With symmetric demand (Table 2), the capacity of the fixed-time control sufficed in more cases as the capacity could be set for the overall peak demand, reducing the delay by ca 5–60%. Conversely, dynamic control could not fully capitalize on efficiently distributing green signal time to suit current demand, leading to a slight increase in delay (ca 1–4%). However, it still outperformed the fixed-time control in all cases. Overall, the closer the demand is to the potential capacity, i.e. saturated flow, the bigger the difference between the two control types.

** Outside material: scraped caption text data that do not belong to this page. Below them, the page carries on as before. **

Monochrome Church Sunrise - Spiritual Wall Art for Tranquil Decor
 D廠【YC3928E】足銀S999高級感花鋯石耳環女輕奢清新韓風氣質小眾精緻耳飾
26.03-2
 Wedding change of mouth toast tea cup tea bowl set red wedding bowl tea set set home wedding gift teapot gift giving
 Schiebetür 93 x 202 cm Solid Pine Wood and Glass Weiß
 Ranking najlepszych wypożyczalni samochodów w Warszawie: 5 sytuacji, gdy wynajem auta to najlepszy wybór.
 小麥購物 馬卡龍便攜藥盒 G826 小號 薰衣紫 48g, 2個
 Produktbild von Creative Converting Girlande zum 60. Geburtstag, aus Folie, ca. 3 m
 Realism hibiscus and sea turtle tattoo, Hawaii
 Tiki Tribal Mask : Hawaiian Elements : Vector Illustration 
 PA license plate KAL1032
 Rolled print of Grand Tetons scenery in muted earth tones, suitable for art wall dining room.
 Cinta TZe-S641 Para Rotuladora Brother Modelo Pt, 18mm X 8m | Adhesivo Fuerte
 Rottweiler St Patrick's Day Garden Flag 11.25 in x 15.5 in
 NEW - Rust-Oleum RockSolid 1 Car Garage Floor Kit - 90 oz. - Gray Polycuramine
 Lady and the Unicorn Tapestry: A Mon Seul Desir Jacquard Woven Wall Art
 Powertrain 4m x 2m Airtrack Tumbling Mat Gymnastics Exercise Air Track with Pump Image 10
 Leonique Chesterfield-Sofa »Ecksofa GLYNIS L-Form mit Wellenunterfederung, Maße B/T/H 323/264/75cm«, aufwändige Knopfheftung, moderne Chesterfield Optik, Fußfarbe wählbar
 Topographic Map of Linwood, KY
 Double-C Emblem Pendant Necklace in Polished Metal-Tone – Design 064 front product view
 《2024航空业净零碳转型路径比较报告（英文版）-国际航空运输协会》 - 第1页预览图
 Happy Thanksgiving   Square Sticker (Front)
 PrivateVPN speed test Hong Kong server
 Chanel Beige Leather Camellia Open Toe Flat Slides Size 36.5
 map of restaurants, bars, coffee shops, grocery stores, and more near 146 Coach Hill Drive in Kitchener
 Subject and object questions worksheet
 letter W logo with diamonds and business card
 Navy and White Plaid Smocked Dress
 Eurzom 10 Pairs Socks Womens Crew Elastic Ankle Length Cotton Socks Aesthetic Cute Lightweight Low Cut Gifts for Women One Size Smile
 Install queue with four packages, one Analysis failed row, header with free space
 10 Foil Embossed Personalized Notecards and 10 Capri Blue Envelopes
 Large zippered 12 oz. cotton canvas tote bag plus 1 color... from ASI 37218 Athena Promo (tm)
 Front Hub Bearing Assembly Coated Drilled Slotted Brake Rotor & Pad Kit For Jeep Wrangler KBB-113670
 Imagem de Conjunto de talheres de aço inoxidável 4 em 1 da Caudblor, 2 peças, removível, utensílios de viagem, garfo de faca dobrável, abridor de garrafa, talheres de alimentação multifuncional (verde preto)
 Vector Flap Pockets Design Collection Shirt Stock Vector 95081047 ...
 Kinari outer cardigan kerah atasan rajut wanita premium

All presented results emphasize that both delay itself and the disparity between the two control systems exhibit highly nonlinear behaviour, subject to circumstances. Saturated flow intensity, WZ length (clearance time), and demand (both magnitude and symmetry) all exert substantial influences and interact significantly. Nevertheless, there is compelling evidence supporting the efficiency of the dynamic approach. While the benefits appear marginal in some cases, they can be significant in others, often preventing oversaturation. Even when fixed-time control can provide adequate capacity, the disparity in total delay can be substantial (up to single digit multiples).

3.3 Case study

Figure 7a shows the distribution of saturated flow in the three measurement periods. The milled road surface in period 1 markedly reduced saturated flow in the WZ, reducing it by 30% (mean dropped approximately from 1660 to 1180 veh/h). There is a slight statistically significant difference between the distributions in the 2nd and 3rd periods (mean 1720 veh/h), possibly caused by higher share of passenger vehicles in the traffic flow due to the easing of covid-19 restrictions during the measurements.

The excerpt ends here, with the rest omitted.